Calgary Mayor Naheed Nenshi says it could take days or weeks to deal with damage caused by the second summer snowstorm to hit Alberta this month.

As most Canadians ease into autumn, residents of southern Alberta are contending with massive power outages, downed tree branches and slippery roads after yet another early blast of winter snow.

The amount of damage has not yet been assessed, Nenshi said, but warned cleanup wasn't going to happen overnight.

"We don't have a sense of it yet, but certainly, depending on the part of the city you're in ... I was shocked at the damage," he said, speaking at the city's emergency operations center.

While most schools remained open, some organizations – including the Calgary Zoo – were closed for business.

The snow is weighing down trees, causing branches to snap and take down power lines. Nenshi said the city would likely lose hundreds of mature trees from the wet, heavy snow.

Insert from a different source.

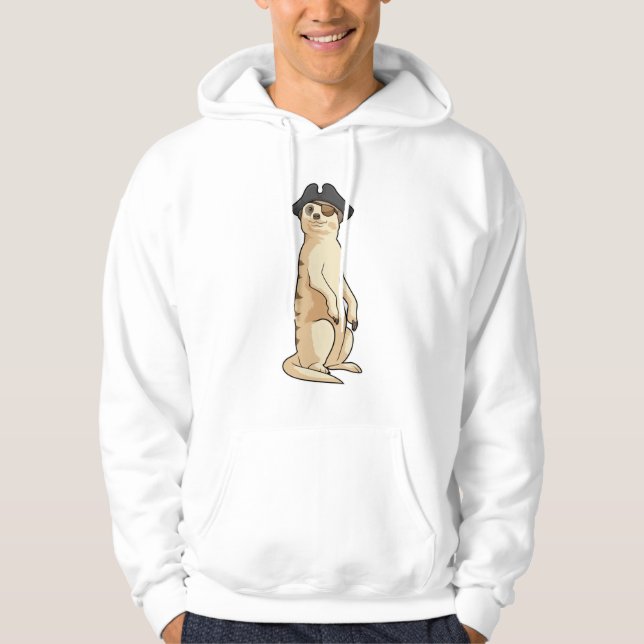 Meerkat as Pirate with Pirate hat Hoodie (Front)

"We are going to see some real damage and that is an extraordinary shame," he said. "I know how hard generations of people in this community have worked to build the tree canopy, but right now our focus is to make sure those fallen ones don't hurt people and don't cause further damage."

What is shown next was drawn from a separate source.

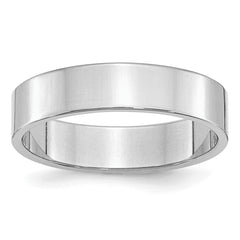 Sterling Silver Rhodium-plated 5mm Flat Size 13.5 Band
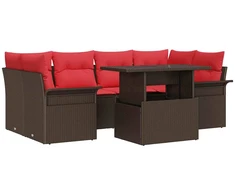Lauko baldų komplektas Sodo Sofų Rinkinys su pagalve 7 pcs Ruda poliratanas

About 10 centimetres of snow was expected to fall in Calgary throughout the day Wednesday, in addition to what had accumulated overnight. A heavy snowfall warning was in place for much of the morning, but ended by mid-afternoon.

Calgarians were already busy cleaning up after a first late-summer snowstorm brought several centimetres of snow to the city Monday --  a drastic change in weather conditions from Sunday, when a high of 25 C was recorded.

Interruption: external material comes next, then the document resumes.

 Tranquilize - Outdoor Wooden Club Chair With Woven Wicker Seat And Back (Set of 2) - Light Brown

Wednesday's morning commute was messy, as Calgary police dealt with more than 50 reported crashes.

Power utility ENMAX said it deployed extra crews to deal with power outages, which at one point were affecting about 30,000 people in at least 34 neighbourhoods. The power outages also caused traffic lights to go out.

“Please drive carefully, lots of traffic lights are out,” ENMAX tweeted. “Thanks for your patience on this cold and dark morning!”

As plows and sanders continue to clean up the streets, emergency officials are urging drivers to take extra time due to slippery road conditions. The mayor is also asking commuters to stagger their commute home to ease congestion on the roads.

Calgary Fire has responded to more than 200 calls, while municipal helpline 311 says it’s received nearly 1,400 calls about problems across the city.

Both the public and Catholic school boards say schools will remain open, however, there have been reports that some schools are experiencing power issues.

The Calgary Zoo said it would not be open to the public on Wednesday, after heavy snowfall accumulated on trees and near zoo pathways.

“The safety of our guests, staff and animals is our top priority,” zoo officials said in a statement.